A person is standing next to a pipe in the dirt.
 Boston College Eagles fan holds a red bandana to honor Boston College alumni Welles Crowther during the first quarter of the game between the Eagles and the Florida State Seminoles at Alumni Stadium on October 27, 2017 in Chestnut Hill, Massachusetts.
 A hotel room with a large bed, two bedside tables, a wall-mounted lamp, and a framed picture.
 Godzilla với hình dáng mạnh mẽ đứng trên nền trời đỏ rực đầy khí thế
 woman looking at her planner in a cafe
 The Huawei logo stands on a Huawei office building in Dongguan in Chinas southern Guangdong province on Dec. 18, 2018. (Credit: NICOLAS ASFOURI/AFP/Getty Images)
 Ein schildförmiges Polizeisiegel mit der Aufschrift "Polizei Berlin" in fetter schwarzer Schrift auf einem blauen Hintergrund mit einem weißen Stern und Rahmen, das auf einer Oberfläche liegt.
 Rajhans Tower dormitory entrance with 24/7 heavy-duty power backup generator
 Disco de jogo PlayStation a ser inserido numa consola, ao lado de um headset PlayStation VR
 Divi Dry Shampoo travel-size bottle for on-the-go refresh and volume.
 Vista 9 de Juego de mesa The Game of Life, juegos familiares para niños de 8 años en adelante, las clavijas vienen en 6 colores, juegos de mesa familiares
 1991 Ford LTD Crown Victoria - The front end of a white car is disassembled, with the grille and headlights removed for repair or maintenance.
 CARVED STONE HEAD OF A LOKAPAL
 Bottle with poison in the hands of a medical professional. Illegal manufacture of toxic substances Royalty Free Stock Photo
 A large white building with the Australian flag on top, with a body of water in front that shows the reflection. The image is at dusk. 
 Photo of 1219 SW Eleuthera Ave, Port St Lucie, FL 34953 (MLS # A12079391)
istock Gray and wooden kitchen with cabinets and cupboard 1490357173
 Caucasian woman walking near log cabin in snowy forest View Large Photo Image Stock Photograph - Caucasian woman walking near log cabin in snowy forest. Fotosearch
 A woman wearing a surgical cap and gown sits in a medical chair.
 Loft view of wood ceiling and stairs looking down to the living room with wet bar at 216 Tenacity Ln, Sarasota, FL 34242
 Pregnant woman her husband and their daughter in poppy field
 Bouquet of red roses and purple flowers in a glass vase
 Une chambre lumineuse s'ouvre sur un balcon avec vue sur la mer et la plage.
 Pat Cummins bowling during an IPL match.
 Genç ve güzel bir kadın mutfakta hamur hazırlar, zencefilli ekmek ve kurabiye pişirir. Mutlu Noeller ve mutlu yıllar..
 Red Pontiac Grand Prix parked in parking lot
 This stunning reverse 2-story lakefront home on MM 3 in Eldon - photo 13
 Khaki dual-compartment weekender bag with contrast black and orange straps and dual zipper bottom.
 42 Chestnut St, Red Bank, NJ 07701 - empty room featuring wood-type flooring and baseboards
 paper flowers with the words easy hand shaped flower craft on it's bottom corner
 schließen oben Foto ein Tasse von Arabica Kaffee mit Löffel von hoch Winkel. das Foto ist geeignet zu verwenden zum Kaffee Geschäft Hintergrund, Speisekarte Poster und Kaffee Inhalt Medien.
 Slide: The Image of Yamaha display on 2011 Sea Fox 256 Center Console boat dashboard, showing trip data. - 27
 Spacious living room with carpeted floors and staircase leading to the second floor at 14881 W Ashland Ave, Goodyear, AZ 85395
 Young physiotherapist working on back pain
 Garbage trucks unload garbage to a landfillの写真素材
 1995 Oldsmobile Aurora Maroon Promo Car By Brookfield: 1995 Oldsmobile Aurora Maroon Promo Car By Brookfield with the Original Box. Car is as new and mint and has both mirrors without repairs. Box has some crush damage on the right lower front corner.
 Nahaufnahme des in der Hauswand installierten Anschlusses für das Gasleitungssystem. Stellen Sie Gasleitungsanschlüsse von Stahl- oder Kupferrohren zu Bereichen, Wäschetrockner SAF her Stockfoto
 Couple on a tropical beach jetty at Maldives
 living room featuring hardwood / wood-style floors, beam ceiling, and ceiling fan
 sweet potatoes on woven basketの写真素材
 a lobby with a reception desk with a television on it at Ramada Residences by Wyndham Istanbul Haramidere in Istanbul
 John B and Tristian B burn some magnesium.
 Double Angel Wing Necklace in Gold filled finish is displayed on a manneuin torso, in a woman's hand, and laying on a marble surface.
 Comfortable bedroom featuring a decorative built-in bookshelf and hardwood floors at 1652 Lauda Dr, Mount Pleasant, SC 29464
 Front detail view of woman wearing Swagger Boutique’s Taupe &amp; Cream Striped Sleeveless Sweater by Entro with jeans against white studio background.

**Aim of the exercise**
In the material above, find the line with "Couple on a tropical beach jetty at Maldives"; then copy it and every line after it, exactly, through the end.

**Output for this task**
 Couple on a tropical beach jetty at Maldives
 living room featuring hardwood / wood-style floors, beam ceiling, and ceiling fan
 sweet potatoes on woven basketの写真素材
 a lobby with a reception desk with a television on it at Ramada Residences by Wyndham Istanbul Haramidere in Istanbul
 John B and Tristian B burn some magnesium.
 Double Angel Wing Necklace in Gold filled finish is displayed on a manneuin torso, in a woman's hand, and laying on a marble surface.
 Comfortable bedroom featuring a decorative built-in bookshelf and hardwood floors at 1652 Lauda Dr, Mount Pleasant, SC 29464
 Front detail view of woman wearing Swagger Boutique’s Taupe &amp; Cream Striped Sleeveless Sweater by Entro with jeans against white studio background.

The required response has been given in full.